When I thought of Color and Symbolism, I first thought about how people's color have had lots to do with the society of the world. I found this book, i havent read it, but i did buy it to read it, it is called Dominion by Randy Alcorn. It is about this African American man whose sister and neice are murdered, it goes on how he struggles with revenge as well as racism. Along with his want for revenge, he struggles with his beliefs. Though amid these horrible events, there is an underlying theme of love and hope. Submitted by Elisa Guzman

The Purloined Letter

This is a story written by Edgar Allen Poe that is initially talking about a detective who is trying to solve a crime involving Black Mail of the Queen of England. Even though the story seems quite simple, it has acctually opened discussions regarding the taking of power, the position of the Monarch, women in 19th Century Society, the nature of deductive reasoning, and the literary convention of the Gothic Double.

Tina Trepanier

Red, White,and Blue So True

Those colors wave so gallantly and true.
The colors of freedom; red, white, and blue.
Those 13 stripes dance so bright.
Those 50 stars what meaningful sight.
All for one and one for all
That American Flag stands so tall
I stand so proud as tears fall from my eyes
And watch as my nation begins to rise.
The star spangled banner flows through my ears
My eyes fill up with big, blurred tears
I can see my freedom wave in the air
As all gather round from here and there
Red, white, and blue for all to see
For the home of the brave and the land of the free.

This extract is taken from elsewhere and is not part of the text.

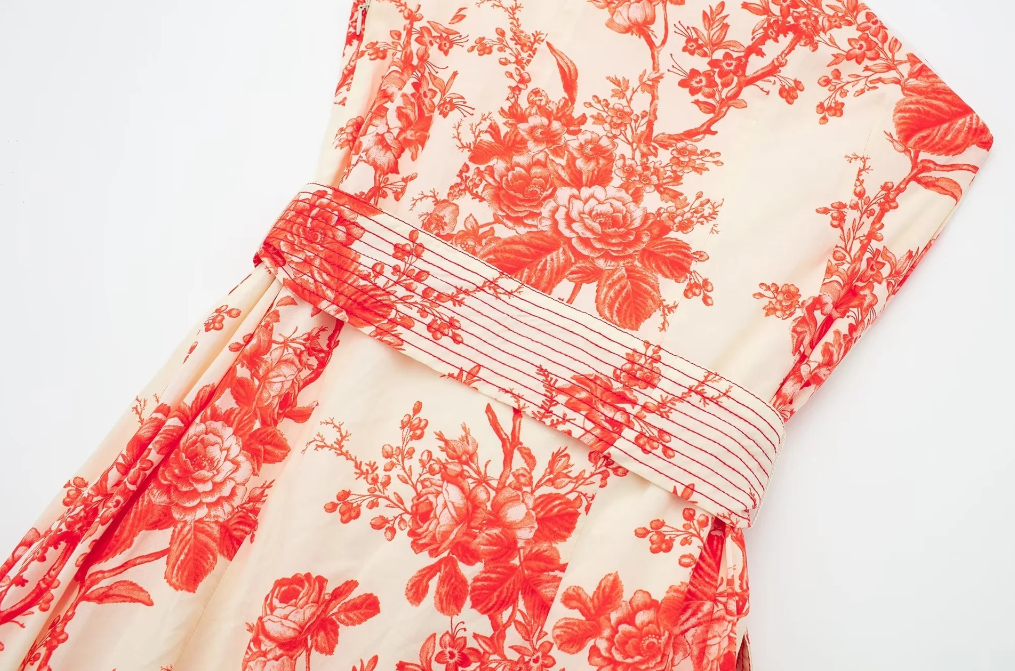 Printed Asymmetric Dress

The flag represents more than just colors. It brings hope and loyalty to a nation. Think back to September 11 how unified we as a country were. Now think to where we are and how far away from that point we are again. When the sight of the flag was shown above the sight where the Twin Towers were destroyed, hope was brought back to millions of Americans. These flags have much more value than many think.

So the other day I was speaking with some friends and we were talking about symbols. We discussed that analogies are awesome and great symbols for life. Many analogies are located in the scriptures and you can even make them up? A new friend compared sin to credit cards-he said: Sin is like a Credit Card-Don't let the interest add up. Life is full of symbols and analogies, you just need to open your eyes.

Jade Wilson

The missing Piece, is a book about a triangular piece who is looking for the piece its missing from. It tried on different parts, some are too big and the piece slip right out, others are to small and the piece pokes out. then it finds the perfect piece and decides that it doesn't like being attached to it all the time because it cant enjoy the things it used to. In ways we are all like this missing piece who tries to become whole, find different things to see if they fit and end up being perfectly happy with what we had before.

The missing Piece meets the big O, (a continuation from the missing piece) is about this piece who wants to be hole then it meets a big O who doesn't have a missing piece and rolls around all the time. The big O tells the missing piece he doesn't have one and doesn't need one then tells the piece to start rolling and eventually he wont be anybodies missing piece. so the missing piece starts to flip over and over again until its corners chip off and eventually he becomes round and can move as freely as the Big O. We think we cant be whole with out some one, but with the love of our Savior and Heavenly Father we can be whole and wont need anyone else to make us whole.